[Records from a data source]

◆ ◆ ◆

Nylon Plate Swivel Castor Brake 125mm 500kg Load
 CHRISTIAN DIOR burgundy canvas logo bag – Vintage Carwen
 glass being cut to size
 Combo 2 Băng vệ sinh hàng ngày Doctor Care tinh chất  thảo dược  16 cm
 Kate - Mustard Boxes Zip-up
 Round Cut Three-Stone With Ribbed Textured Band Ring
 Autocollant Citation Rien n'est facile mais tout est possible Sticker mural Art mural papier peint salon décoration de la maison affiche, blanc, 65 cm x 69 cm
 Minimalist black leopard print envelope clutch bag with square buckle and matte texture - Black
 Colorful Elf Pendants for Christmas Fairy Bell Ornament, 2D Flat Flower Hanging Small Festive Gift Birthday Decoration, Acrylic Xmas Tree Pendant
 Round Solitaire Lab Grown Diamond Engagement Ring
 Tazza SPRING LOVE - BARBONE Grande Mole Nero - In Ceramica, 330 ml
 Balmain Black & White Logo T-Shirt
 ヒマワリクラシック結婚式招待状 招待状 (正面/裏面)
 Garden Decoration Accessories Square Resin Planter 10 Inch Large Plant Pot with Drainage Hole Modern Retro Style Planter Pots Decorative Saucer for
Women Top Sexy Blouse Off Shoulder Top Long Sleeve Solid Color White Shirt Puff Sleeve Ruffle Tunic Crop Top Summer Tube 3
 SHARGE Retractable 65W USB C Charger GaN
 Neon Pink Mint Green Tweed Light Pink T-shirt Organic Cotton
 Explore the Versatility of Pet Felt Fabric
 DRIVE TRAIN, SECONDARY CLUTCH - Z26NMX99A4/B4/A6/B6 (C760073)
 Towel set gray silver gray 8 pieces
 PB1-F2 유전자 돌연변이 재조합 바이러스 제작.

◆ ◆ ◆

▶ [Task statement]:
Copy only the stretch running from the line containing "Women Top Sexy" to the final line of the entries, both ends included, exactly as it stands.

▶ [Solution to this problem]:
Women Top Sexy Blouse Off Shoulder Top Long Sleeve Solid Color White Shirt Puff Sleeve Ruffle Tunic Crop Top Summer Tube 3
 SHARGE Retractable 65W USB C Charger GaN
 Neon Pink Mint Green Tweed Light Pink T-shirt Organic Cotton
 Explore the Versatility of Pet Felt Fabric
 DRIVE TRAIN, SECONDARY CLUTCH - Z26NMX99A4/B4/A6/B6 (C760073)
 Towel set gray silver gray 8 pieces
 PB1-F2 유전자 돌연변이 재조합 바이러스 제작.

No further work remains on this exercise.